Qu’est-ce qui fait courir Sidi Saïd ?

Il mène campagne dans les Entreprises publiques et privées

Qu’est-ce qui fait courir Sidi Saïd ?

El Watan, 23 décembre 2015

Longs déplacements, visite des unités de production et discours-fleuve devant des travailleurs… Le tout est minutieusement filmé par les caméras de la télévision publique, ENTV. Il s’agit des sorties énigmatiques du secrétaire général de l’Union générale des travailleurs algériens (UGTA), Abdelmadjid Sidi Saïd, qui a entamé, depuis quelques jours, une tournée dans plusieurs zones industrielles et entreprises publiques et privées.

Ce périple, aux allures de sorties ministérielles, l’a conduit à deux reprises dans la zone industrielle de Rouiba, puis à Bordj Bou Arréridj avant d’atterrir, lundi dernier, dans la wilaya de Tizi Ouzou.
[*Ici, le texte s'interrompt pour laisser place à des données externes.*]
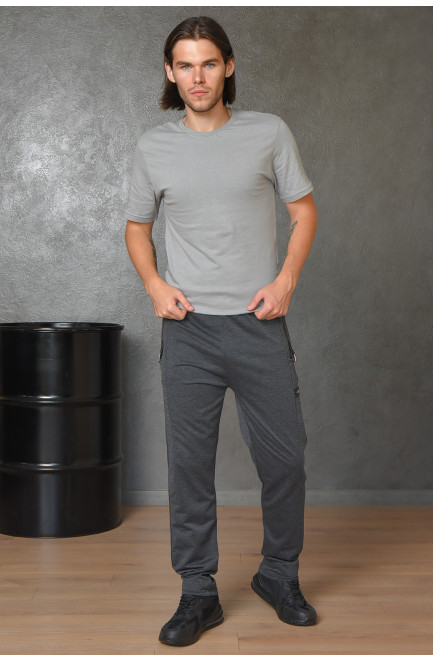 Спортивные штаны мужские серого цвета 164985L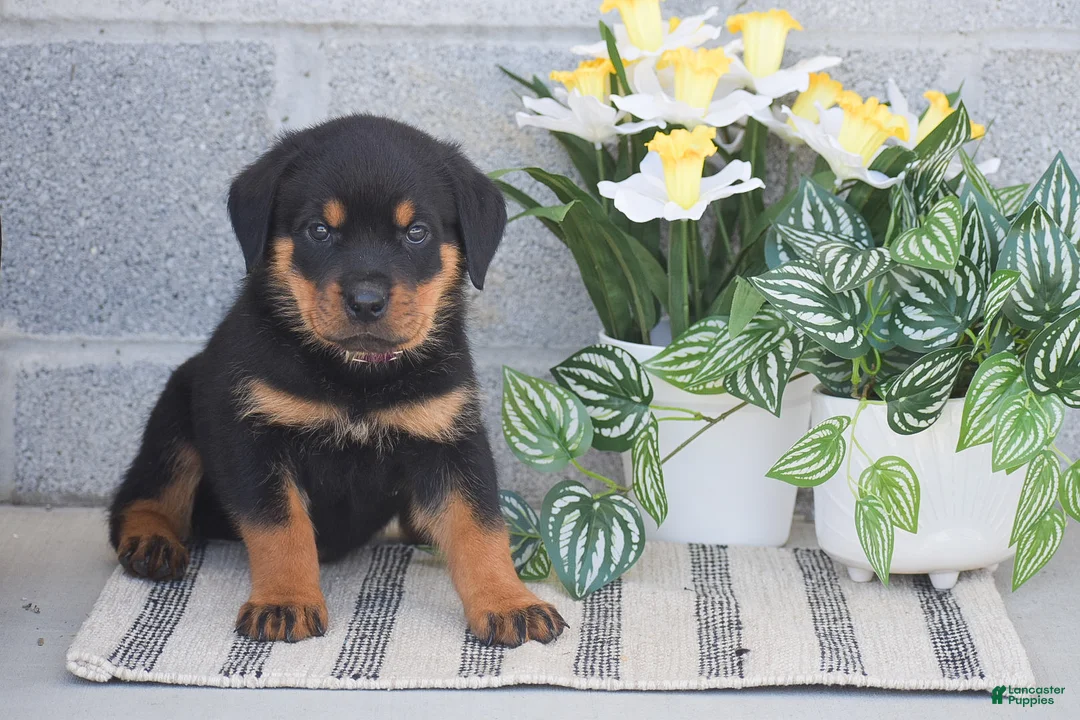 Rottweiler dogs for sale: Noah - Ad 1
Dans chacune de ses sorties, le patron de l’UGTA, qui n’est pas en contact direct avec les travailleurs depuis plus d’une quinzaine d’années, tente de vulgariser le discours officiel concernant «la promotion de la production nationale», mise à rude épreuve par plusieurs années d’import-import.
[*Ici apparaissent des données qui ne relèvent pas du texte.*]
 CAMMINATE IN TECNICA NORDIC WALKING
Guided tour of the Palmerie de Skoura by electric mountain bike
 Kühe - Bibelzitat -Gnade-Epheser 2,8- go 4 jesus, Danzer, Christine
Le plus intrigant est que ces sorties de Sidi Saïd interviennent au lendemain de l’adoption, dans des conditions particulières, du très controversé projet de loi de finances 2016 à l’APN qui prévoit des mesures d’austérité drastiques. Elles (ses sorties) interviennent aussi quelques jours après la manifestation des travailleurs de la Société nationale des véhicules industriels (SNVI) qui a rappelé de tristes souvenirs aux tenants du pouvoir, en l’occurrence les événements ayant précédé la révolte d’Octobre 1988.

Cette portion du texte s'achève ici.